Hormesis challenges the existing hazard-assessment process underlying environmental regulations, Calabrese says. Toxicologists usually determine the relation between exposure to contaminants and health risks by conducting animal experiments. They start out by giving lab animals a high dose that produces clear adverse effects. Then they work downward until they can estimate a concentration that doesn't cause harmful effects. For chemicals that don't cause cancer, they obtain a safe dose for humans by applying uncertainty factors to account for differences between mice and men and among individual people. The resulting safe dose for humans is then usually deemed to be about 0.01 to 0.001 the safe dose for mice. For carcinogens, toxicologists assume that exposure to any amount increases the risk.

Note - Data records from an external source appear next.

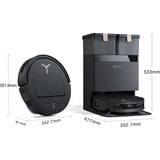 Ecovacs Deebot T50 OMNI (Gen3), Saugroboter schwarz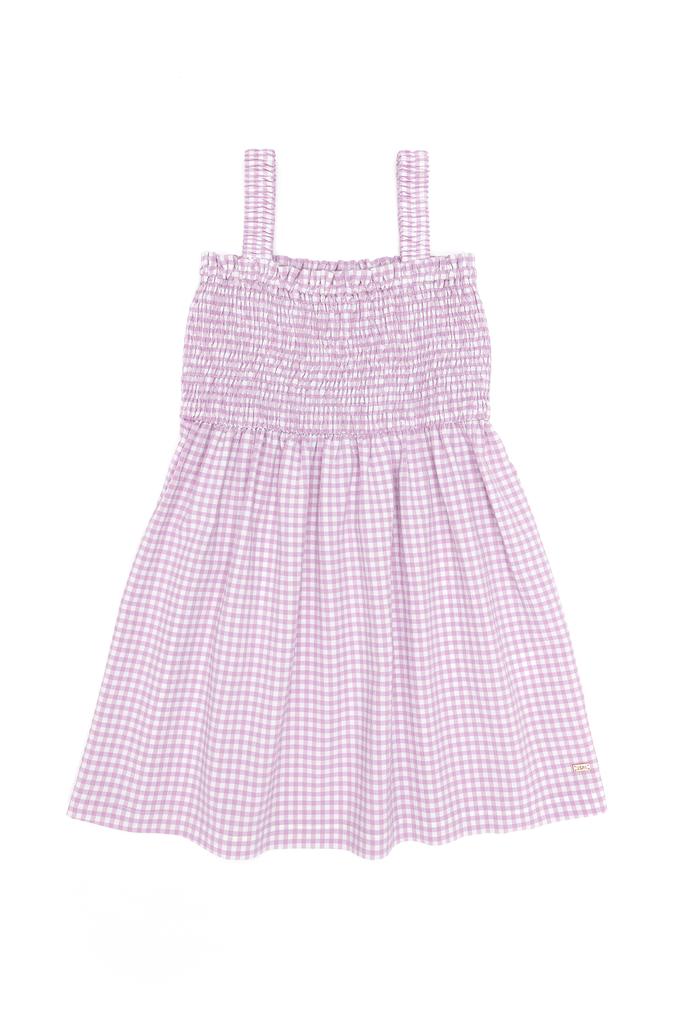 Kız Çocuk Manolya Askılı Dokuma Elbise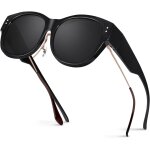 Kalanka - surlunettes de soleil homme femme, sur lunette de soleil polarise avec protection uv400, tr90 ...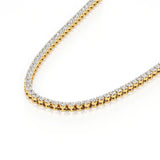 Sutra | Round Lab Grown Diamonds Buttercup Setting Tennis Necklace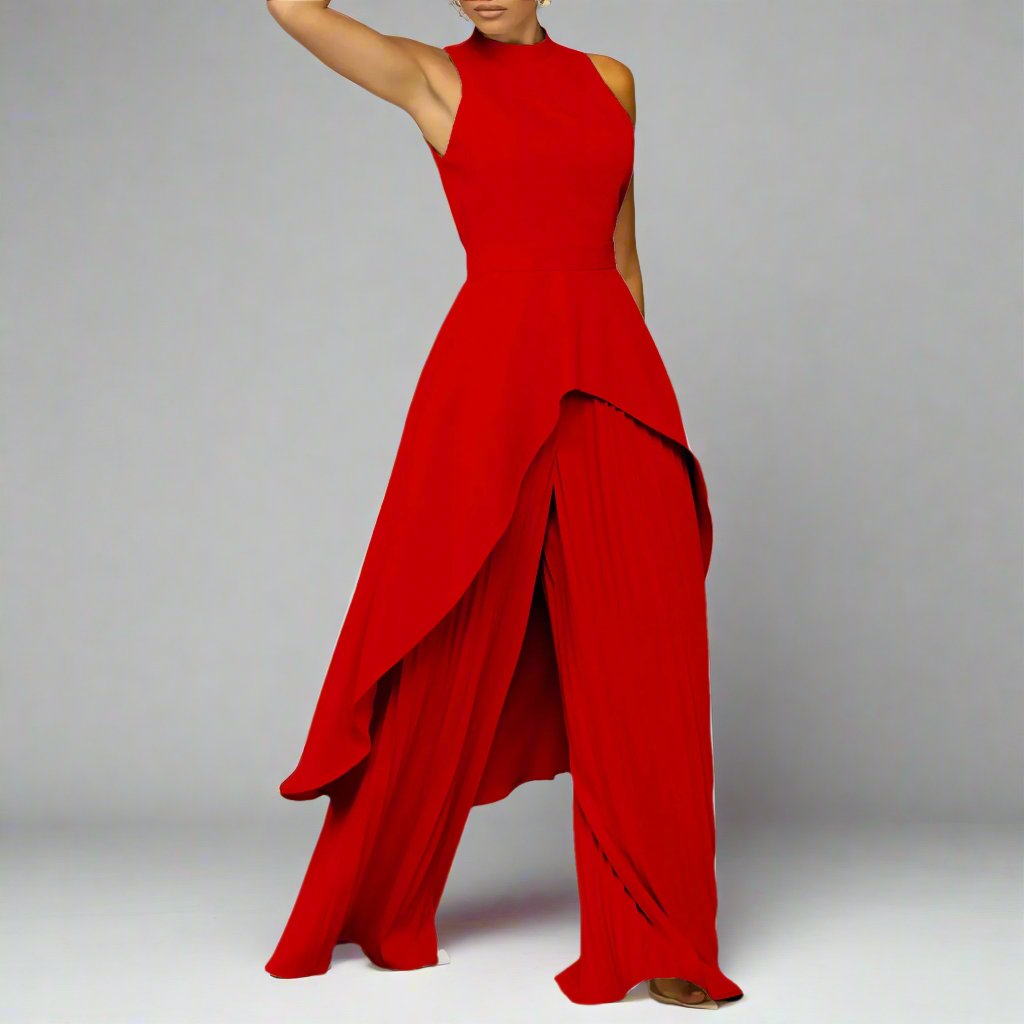 Asymmetric Pants Suit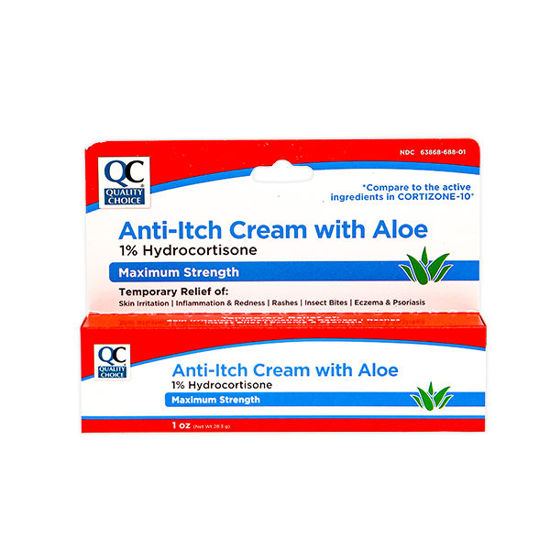 Picture of Hydrocortisone 1% cream with aloe anti-itch maximum strength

But Calabrese suspects that in many cases, the benefits of hormesis may occur at levels higher than the recommended safe doses for humans. Thus, it might be possible to refine pollution standards so that we can reap the benefits of hormesis while still being protected against adverse effects in the environment. Or at the very least, it might be reasonable to stop worrying about exceedingly low exposures.

Researchers investigating adaptive stress responses aren't the only ones interested in effects at low doses. Scientists studying endocrine disruption are also joining in. They are concerned that contaminants that mimic hormones can have significant harmful effects at very low doses if exposure occurs during a susceptible developmental window. In some sense, endocrine disruption appears to be the opposite of hormesis, in which low doses could have unsuspected harmful effects because of the contaminant's chemical similarity to hormones.